(Scraped caption text data)
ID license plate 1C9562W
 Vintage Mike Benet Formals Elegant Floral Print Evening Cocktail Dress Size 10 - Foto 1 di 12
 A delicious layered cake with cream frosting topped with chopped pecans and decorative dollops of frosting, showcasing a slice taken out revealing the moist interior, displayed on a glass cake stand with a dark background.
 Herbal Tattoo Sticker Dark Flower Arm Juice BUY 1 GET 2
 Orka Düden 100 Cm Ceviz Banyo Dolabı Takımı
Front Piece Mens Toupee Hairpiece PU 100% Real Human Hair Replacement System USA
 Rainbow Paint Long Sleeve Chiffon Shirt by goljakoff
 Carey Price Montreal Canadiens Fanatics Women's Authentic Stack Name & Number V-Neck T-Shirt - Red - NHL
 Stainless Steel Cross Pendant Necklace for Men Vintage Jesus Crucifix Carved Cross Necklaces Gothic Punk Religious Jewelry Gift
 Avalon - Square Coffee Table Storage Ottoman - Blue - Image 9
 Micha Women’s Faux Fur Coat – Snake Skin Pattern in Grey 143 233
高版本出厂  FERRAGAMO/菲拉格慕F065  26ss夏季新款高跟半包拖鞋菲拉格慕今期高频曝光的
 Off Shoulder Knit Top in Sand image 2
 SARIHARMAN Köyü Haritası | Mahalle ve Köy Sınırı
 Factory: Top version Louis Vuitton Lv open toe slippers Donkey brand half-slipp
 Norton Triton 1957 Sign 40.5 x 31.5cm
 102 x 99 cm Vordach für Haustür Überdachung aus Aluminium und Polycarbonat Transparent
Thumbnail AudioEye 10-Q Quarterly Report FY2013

> Exercise details
Write down how many lines of the data above contain the string "Shirt", and include nothing besides that number.

> Output
2